We examined the role of laminin α1 in mouse mammary gland development and found extracellular laminin α1 is not necessary for mammary gland development and function. The mammary gland of mice where laminin α1 is knocked out of mammary epithelium develops normally, branches and extends into the fat pad at the same rate as control littermates. Female laminin α1 knockout mice undergo complete lobuloalveolar development and are able to feed their entire litters. Our findings pertain only to extracellular laminin α1 as we present evidence of intracellular laminin α1 transcribed from the LAMA1 gene downstream of the knockout in the mammary epithelial cells of laminin α1 knockout mice.

We employed a novel 3D model of mammary gland branching morphogenesis (Nelson et al., 2006; Nelson et al., 2008) as well as a transgenic mouse model (Yana et al., 2007) to ask how the matrix degrading enzyme MMP14 functions in branching morphogenesis of the mammary gland. We found that MMP14 is highly expressed at the terminal end buds and branching ducts of the developing mammary gland in vivo (Mori et al., 2013). In our micromolded collagen assay, MMP14 mediates sorting of cells within the model tissue.
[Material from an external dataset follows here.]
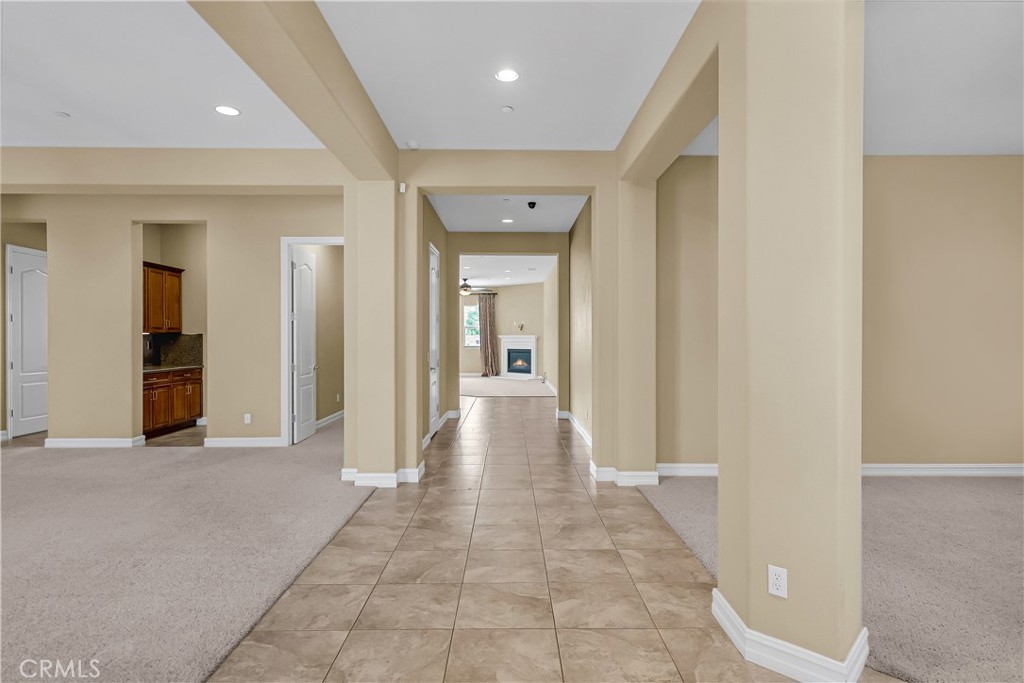 7780 Solitude Court Riverside, CA 92506 - Photo 10 of 63 a view of a hallway with wooden shelves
Sorting occurs through differential cellular motility such that the subpopulation highest for MMP14 expression segregates to the ends of the tubules where branching originates. MMP14-driven sorting is independent of its catalytic activity and required the hemopexin domain. We describe a signaling cascade through Rho kinase that allows cells to sort. The results indicate that differential directional persistence can give rise to patterns within model developing tissues.